***** Data to use
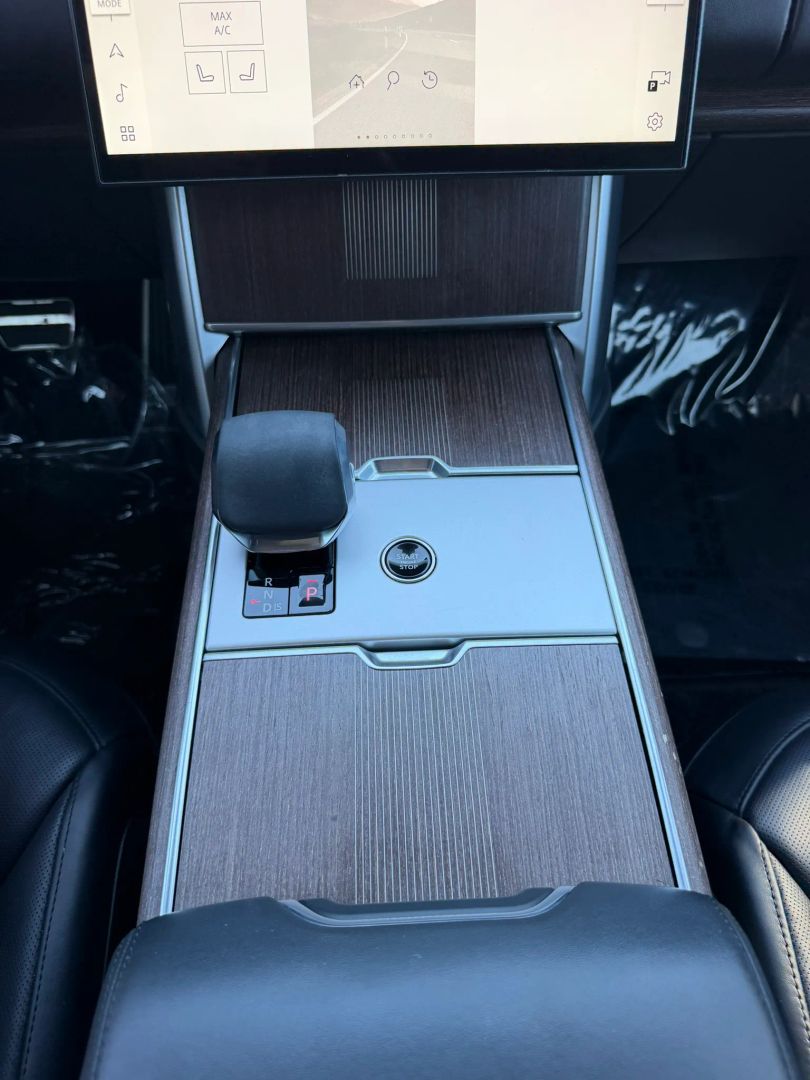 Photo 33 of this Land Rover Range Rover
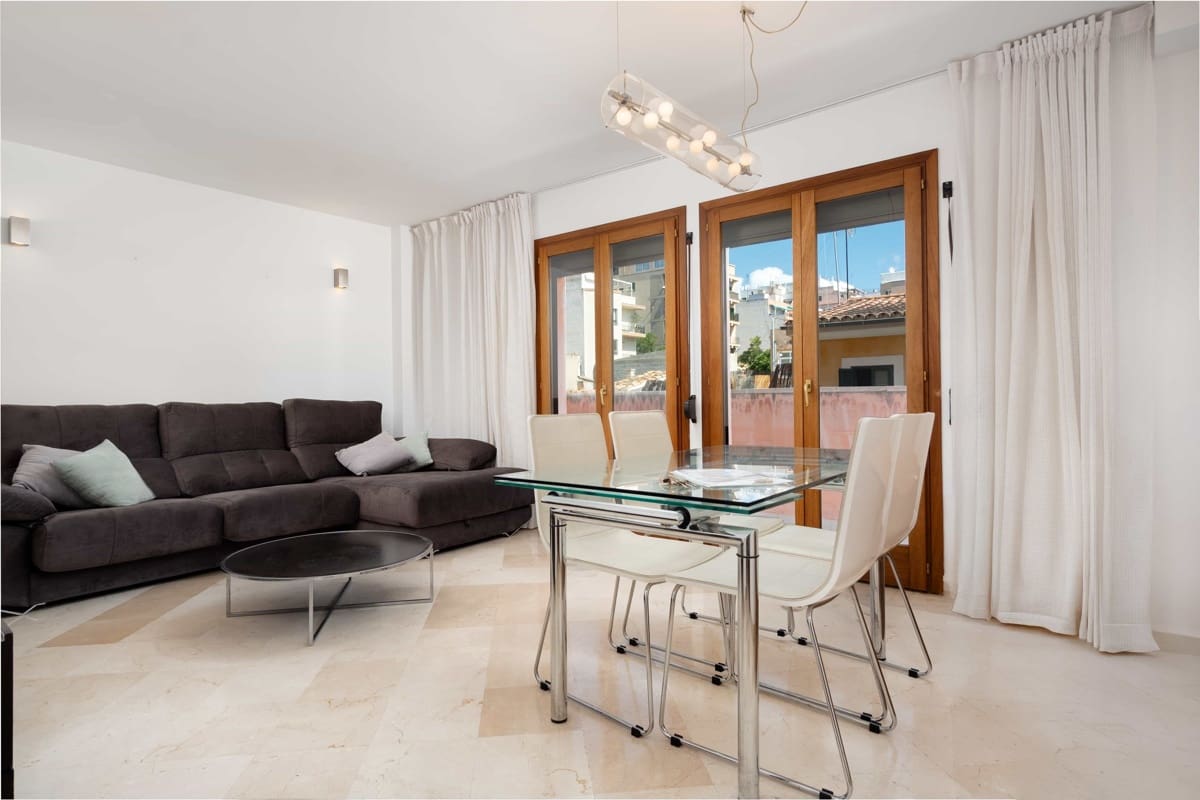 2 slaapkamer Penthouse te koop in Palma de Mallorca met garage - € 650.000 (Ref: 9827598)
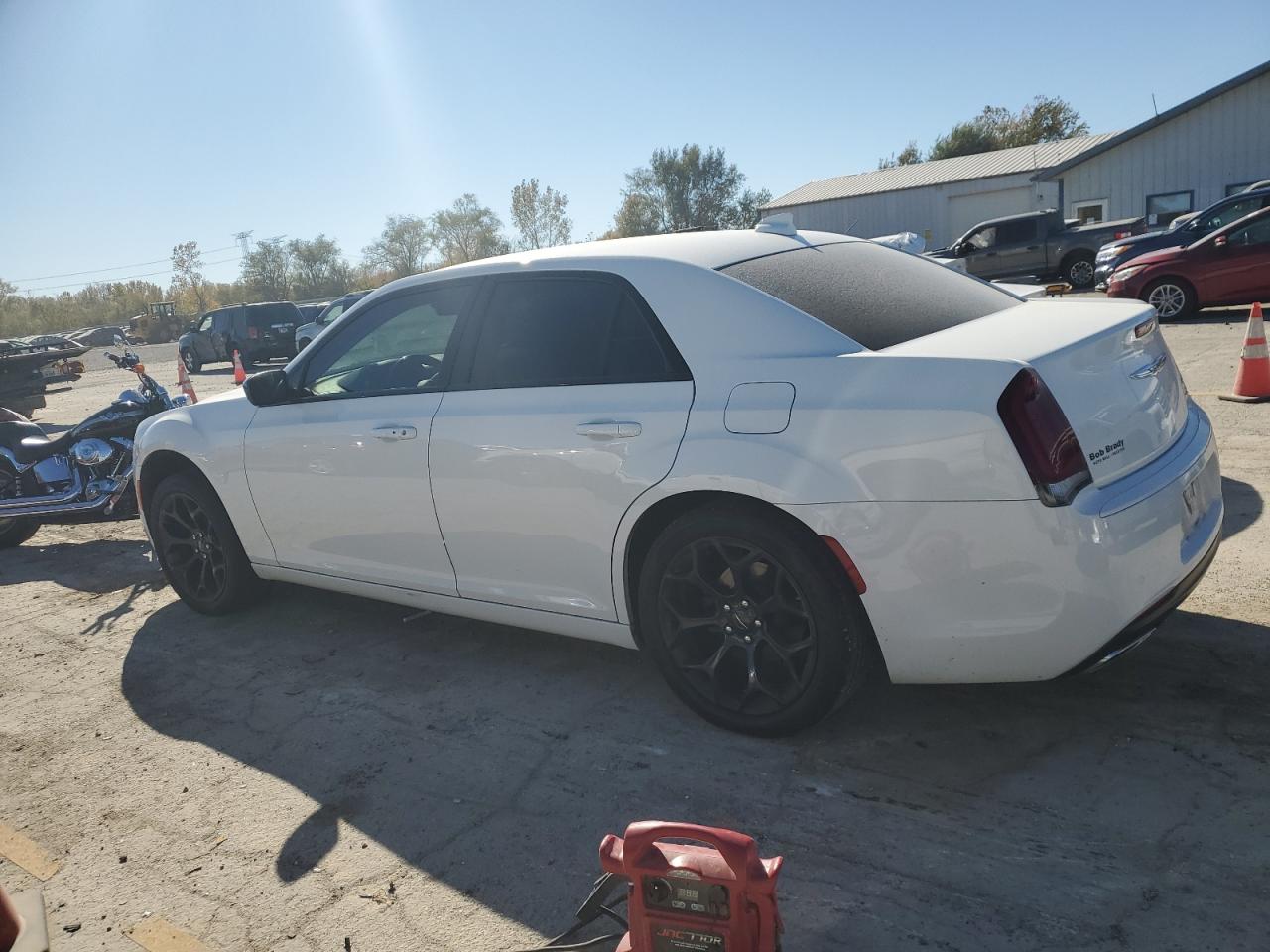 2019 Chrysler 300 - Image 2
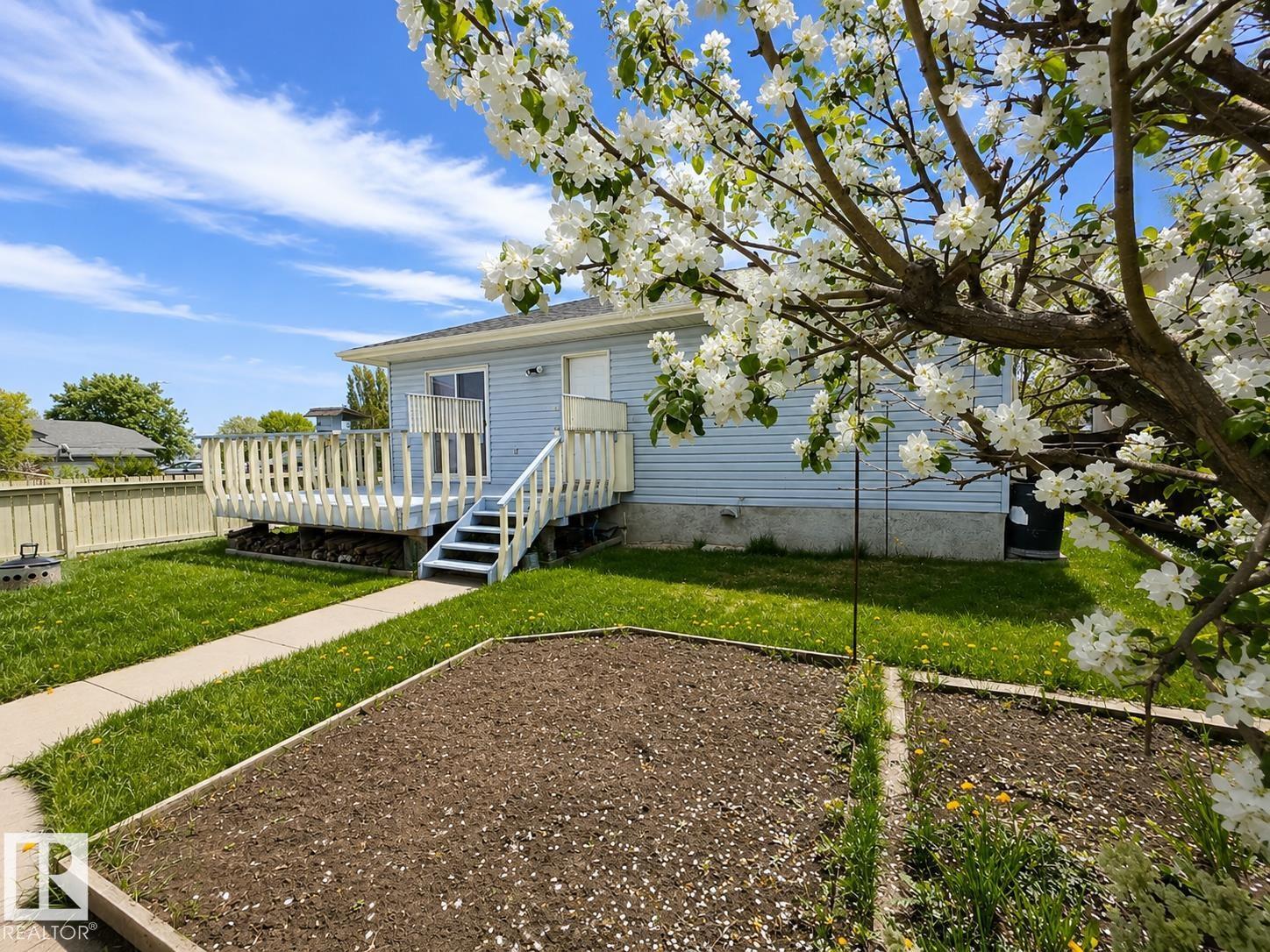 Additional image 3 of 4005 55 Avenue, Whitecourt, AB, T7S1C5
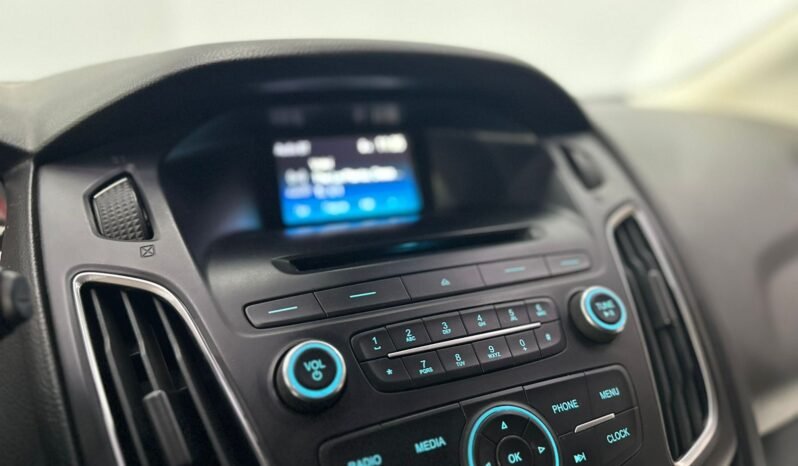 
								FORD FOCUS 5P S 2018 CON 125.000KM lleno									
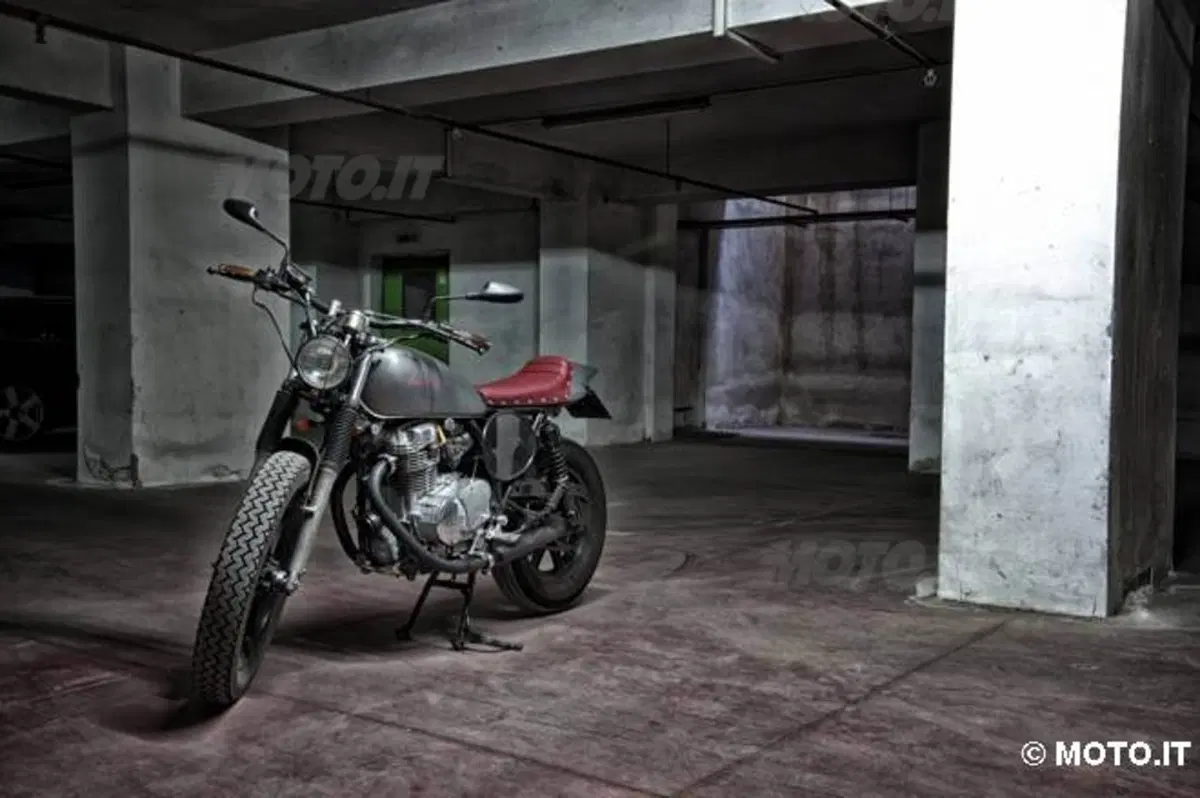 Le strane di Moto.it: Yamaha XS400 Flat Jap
**********
→ The problem:
Transcribe all of the material exactly, leaving out whatever pictures it contains.

→ Response to this task:
 Photo 33 of this Land Rover Range Rover
 2 slaapkamer Penthouse te koop in Palma de Mallorca met garage - € 650.000 (Ref: 9827598)
 2019 Chrysler 300 - Image 2
 Additional image 3 of 4005 55 Avenue, Whitecourt, AB, T7S1C5
								FORD FOCUS 5P S 2018 CON 125.000KM lleno									
 Le strane di Moto.it: Yamaha XS400 Flat Jap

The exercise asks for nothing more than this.